Re: [PATCH v11 018/113] KVM: TDX: create/destroy VM structure

David Matlack <dmatlack@xxxxxxxxxx> · Fri, 20 Jan 2023 14:21:31 -0800

On Thu, Jan 19, 2023 at 4:16 PM Sean Christopherson <seanjc@xxxxxxxxxx> wrote:
>
> On Thu, Jan 19, 2023, Huang, Kai wrote:
> > On Thu, 2023-01-19 at 21:36 +0000, Sean Christopherson wrote:
> > > The least invasive idea I have is expand the TDP MMU's concept of "frozen" SPTEs
> > > and freeze (a.k.a. lock) the SPTE (KVM's mirror) until the corresponding S-EPT
> > > update completes.
> >
> > This will introduce another "having-to-wait while SPTE is frozen" problem I
> > think, which IIUC means (one way is) you have to do some loop and retry, perhaps
> > similar to yield_safe.
>
> Yes, but because the TDP MMU already freezes SPTEs (just for a shorter duration),
> I'm 99% sure all of the affected flows already know how to yield/bail when necessary.
>
> The problem with the zero-step mitigation is that it could (theoretically) cause
> a "busy" error on literally any accesses, which makes it infeasible for KVM to have
> sane behavior.  E.g. freezing SPTEs to avoid the ordering issues isn't necessary
> when holding mmu_lock for write, whereas the zero-step madness brings everything
> into play.

(I'm still ramping up on TDX so apologies in advance if the following
is totally off base.)

The complexity, and to a lesser extent the memory overhead, of
mirroring Secure EPT tables with the TDP MMU makes me wonder if it is
really worth it.
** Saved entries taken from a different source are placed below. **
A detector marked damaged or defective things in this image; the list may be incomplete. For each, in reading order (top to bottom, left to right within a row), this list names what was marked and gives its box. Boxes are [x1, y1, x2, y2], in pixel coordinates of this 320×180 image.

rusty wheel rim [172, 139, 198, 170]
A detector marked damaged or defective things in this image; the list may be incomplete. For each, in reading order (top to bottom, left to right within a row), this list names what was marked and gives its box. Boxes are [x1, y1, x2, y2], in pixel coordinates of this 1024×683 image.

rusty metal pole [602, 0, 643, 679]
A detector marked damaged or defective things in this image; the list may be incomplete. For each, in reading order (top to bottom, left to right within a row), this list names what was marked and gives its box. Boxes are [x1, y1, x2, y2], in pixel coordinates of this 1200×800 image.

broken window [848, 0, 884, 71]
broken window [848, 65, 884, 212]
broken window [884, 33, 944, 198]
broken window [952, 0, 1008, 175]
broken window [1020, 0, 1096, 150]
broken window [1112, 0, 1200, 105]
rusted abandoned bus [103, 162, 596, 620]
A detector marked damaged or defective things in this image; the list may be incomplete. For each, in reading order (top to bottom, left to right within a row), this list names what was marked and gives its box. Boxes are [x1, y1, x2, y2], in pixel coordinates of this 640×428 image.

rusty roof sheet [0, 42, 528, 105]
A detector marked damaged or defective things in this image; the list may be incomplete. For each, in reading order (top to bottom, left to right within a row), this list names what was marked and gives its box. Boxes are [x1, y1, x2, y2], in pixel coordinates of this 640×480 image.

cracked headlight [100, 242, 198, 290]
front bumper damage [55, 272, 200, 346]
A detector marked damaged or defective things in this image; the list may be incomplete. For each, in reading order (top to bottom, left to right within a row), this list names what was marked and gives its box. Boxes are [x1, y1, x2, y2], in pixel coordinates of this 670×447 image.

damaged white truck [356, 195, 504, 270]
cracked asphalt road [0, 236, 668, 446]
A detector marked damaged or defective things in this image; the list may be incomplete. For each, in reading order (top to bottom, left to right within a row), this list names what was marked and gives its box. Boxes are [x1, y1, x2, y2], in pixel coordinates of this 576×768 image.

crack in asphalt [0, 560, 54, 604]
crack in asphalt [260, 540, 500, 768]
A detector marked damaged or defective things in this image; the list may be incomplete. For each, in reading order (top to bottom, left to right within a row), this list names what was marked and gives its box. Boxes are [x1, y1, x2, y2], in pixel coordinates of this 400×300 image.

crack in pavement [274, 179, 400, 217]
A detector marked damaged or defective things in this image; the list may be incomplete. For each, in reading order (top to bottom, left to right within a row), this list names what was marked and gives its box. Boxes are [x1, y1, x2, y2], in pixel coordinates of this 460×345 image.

Especially since the initial TDX support has so many
constraints that would seem to allow a simpler implementation: all
private memory is pinned, no live migration support, no test/clear
young notifiers, etc.

For the initial version of KVM TDX support, what if we implemented the
Secure EPT management entirely off to the side? i.e. Not on top of the
TDP MMU. For example, write TDX-specific routines for:

 - Fully populating the Secure EPT tree some time during VM creation.
 - Tearing down the Secure EPT tree during VM destruction.
 - Support for unmapping/mapping specific regions of the Secure EPT
tree for private<->shared conversions.

With that in place, KVM never would need to handle a fault on a Secure
EPT mapping. Any fault (e.g. due to an in-progress private<->shared
conversion) can just return back to the guest to retry the memory
access until the operation is complete.

If we start with only supporting 4K pages in the Secure EPT, the
Secure EPT routines described above would be almost trivial to
implement. Huge Pages would add some complexity, but I don't think it
would be terrible. Concurrency can be handled with a single lock since
we don't have to worry about concurrent faulting.

This would avoid having TDX add a bunch of complexity to the TDP MMU
(which would only be used for shared mappings). If and when we want to
have more complicated memory management for TDX private mappings, we
could revisit TDP MMU integration. But I think this design could even
get us to the point of supporting Dirty Logging (where the only fault
KVM would have to handle for TDX private mappings would be
write-protection faults). I'm not sure it would work for Demand-Paging
(at least the performance would not be great behind a single lock),
but we can cross that bridge when we get there.